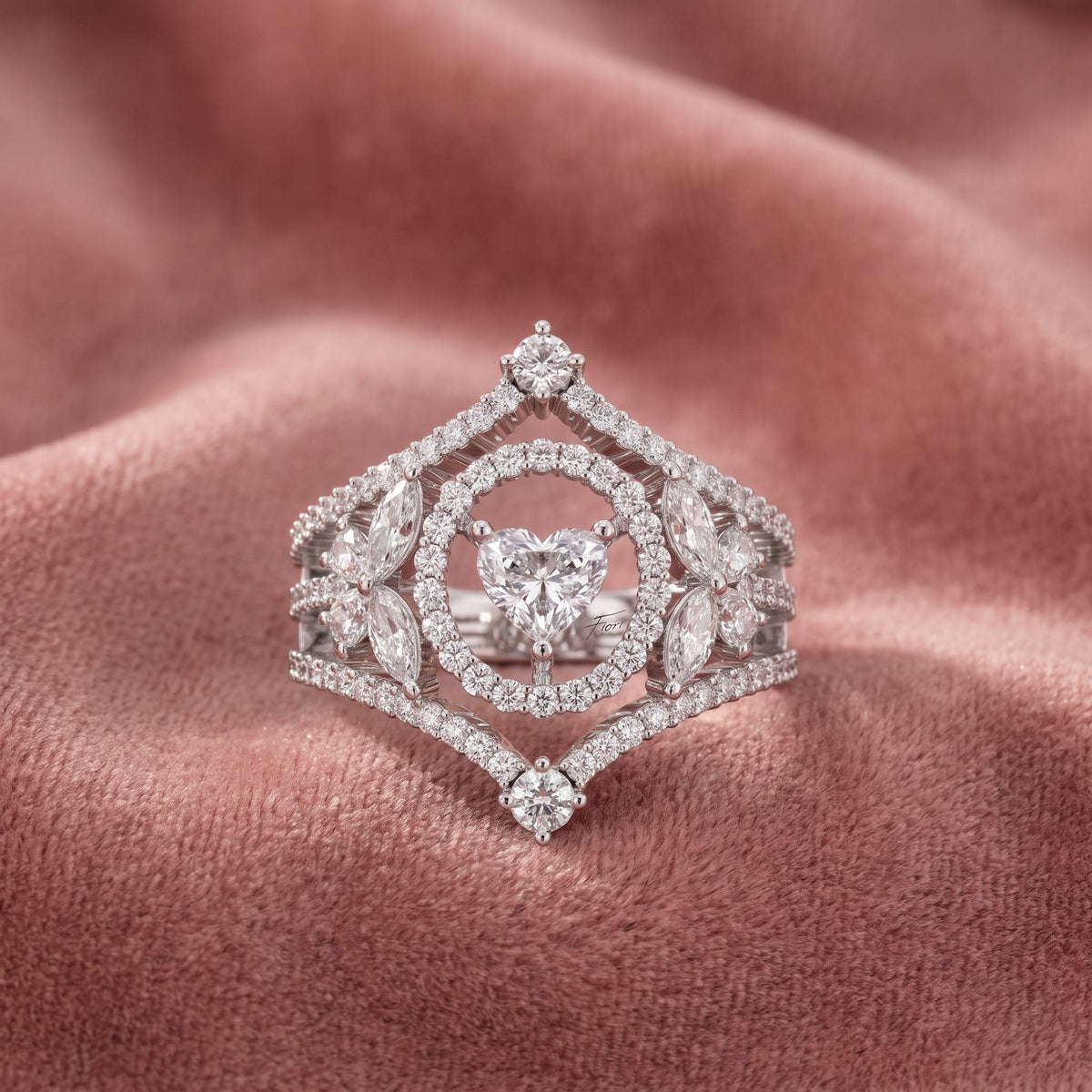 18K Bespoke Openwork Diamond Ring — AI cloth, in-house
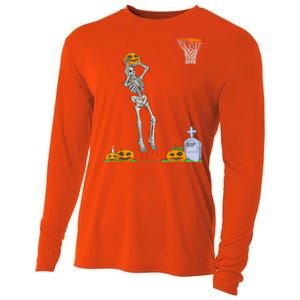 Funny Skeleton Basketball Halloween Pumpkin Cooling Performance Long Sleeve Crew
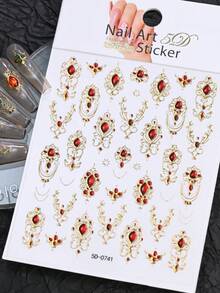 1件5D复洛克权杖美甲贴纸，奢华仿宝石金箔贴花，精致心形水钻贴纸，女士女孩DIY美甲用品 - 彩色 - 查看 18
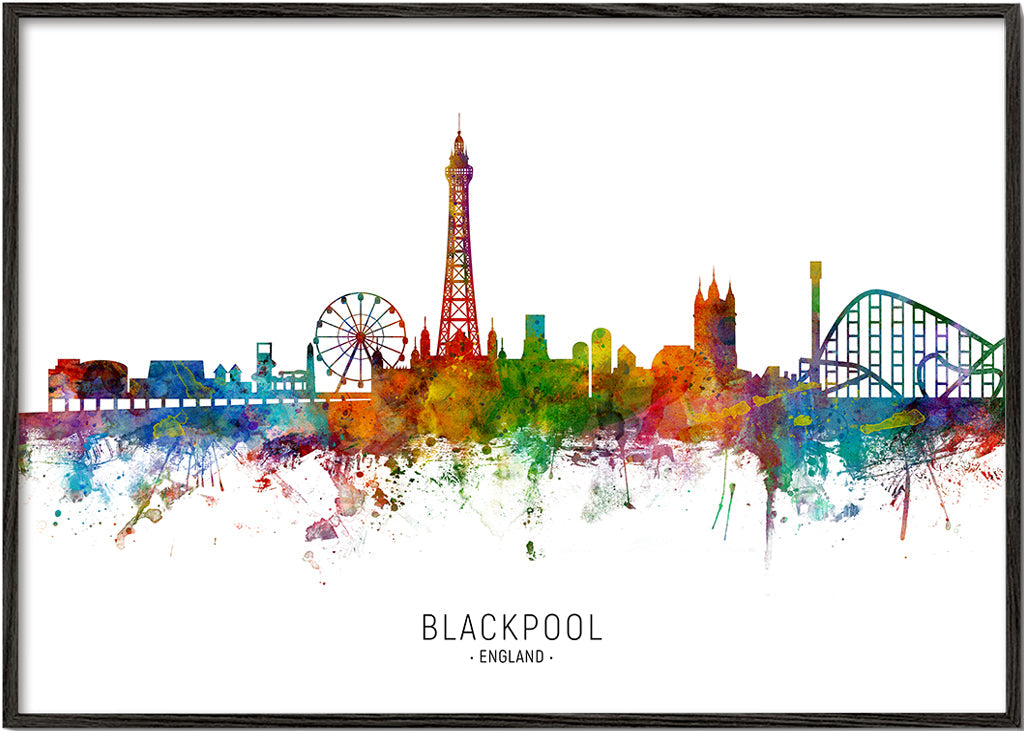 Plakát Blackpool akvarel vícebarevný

> [GOAL OF THE EXERCISE]: What is needed is an exact copy of the lines from the one with "1件5D复洛克权杖美甲贴纸，奢华仿宝石金箔贴花，精致心形水钻贴纸，女士女孩DIY美甲用品 - 彩色" through the end of the data above, both included, minus any pictures.

> [ANSWER AREA]:
 1件5D复洛克权杖美甲贴纸，奢华仿宝石金箔贴花，精致心形水钻贴纸，女士女孩DIY美甲用品 - 彩色 - 查看 18
 Plakát Blackpool akvarel vícebarevný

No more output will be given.